Review: A Bizarre Mix of Tones and Styles, Old May Frustrate But Stays Intriguing, Watchable

Based on the graphic novel Sandcastle by Pierre-Oscar Lévy and Frederick Peeters, writer/director M. Night Shyamalan’s Old is a bizarre mix of a thriller, family drama, science fiction, and psychological dissection about a nuclear family on vacation on a tropical island who wander onto a secluded beach that they can’t escape and where they immediately start aging at a rate of a few years per hour. Along with a handful of other fellow tourists also on the “secret” beach, they all look for ways to get out of the area. But going back the way they came makes them pass out and eventually stumble back to the beach; swimming isn’t an option; and even climbing up the steep rocks that form the boundary of one way out turns out to be too dangerous.

old Image courtesy of Universal Pictures

The concept of Old is fantastic, primarily because we assume someone will figure a way out of this, and it becomes a true mystery to be solved. But it’s also fascinating to see what happens to everyone—from young children to an elderly woman—as they rapidly age. The oldest person simply dies after a couple of hours, but the kids go through puberty and adolescence so quickly that their brains simply don’t have time to mature along with their bodies and raging hormones, leading to some questionable results. One beachgoer with memory issues eventually goes into full-on dementia and becomes a genuine threat to everyone as he gets more and more confused. People with minor hearing or sight issues see their disabilities grow exponentially worse. And one person with a calcium deficiency that weakens her bones…don’t even ask me what happens there.

The film begins innocently enough with the central family—Gael Garcia Bernal as Guy, Vicky Krieps as Prisca, Nolan River as 6-year-old son Trent, and Alexa Swinton as 11-year-old daughter Maddox—arrive at the resort and are treated like royalty, with specialty cocktails, great beaches, and plenty for the kids to do. There are clues dropped throughout the opening few scenes that are more obvious after you’ve seen the movie, but until that time, they come across as strange, frequently awkward exchanges that involve Trent and the son of Gustaf Hammarsten’s resort manager character going around to each guest asking their names and occupations. Knowing what everyone does for a living comes into play later in the film, but in these early sequences, it just seem like quirky kid behavior, which doesn’t feel unnatural as it does just Trent being a weird little kid.

These stilted conversations carry over into adult interactions as well, to the point where it feels like Shyamalan wants us to think it’s his style, instead of just poor writing. I’m not quite as willing as some are to write him off as a bad writer just yet. After being turned on to the idea of hitting the secret beach the next day by the manager, the family are driven (by a van driver played by the filmmaker) to the entrance to a path that leads to the water and given more food than they could conceive of needing for one day at the beach (there’s an explanation for that as well, involving the kids’ metabolisms and still-growing bodies).

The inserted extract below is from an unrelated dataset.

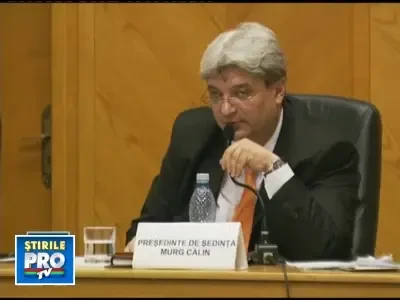 Lacurile din Bucuresti, admirate din telegondola!?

Also on the beach are a doctor (Rufus Sewell) and his trophy wife (Abbey Lee), along with their daughter who's about Trent’s age and the doctor’s elderly mother; a practical couple played by Nikki Amuka-Bird and Ken Leung; and even a famous rapper, actually named Mid-Sized Sedan (Aaron Pierre), who arrives before the family shows up and appears to have lost his companion. Don’t worry, she floats back in later.

Adding to the oddness of the whole experience is genuinely freaky cinematography by Mike Gioulakis, who often places us in the midst of these stranded visitors, almost daring us to wonder what it would be like to be in this circumstance, which they determine will age them all to death in about 24 hours. Other times, the camera whips around to locate certain people just as some fresh hell has befallen them. It’s unsettling, for sure, but it does add to the entire viewing experience.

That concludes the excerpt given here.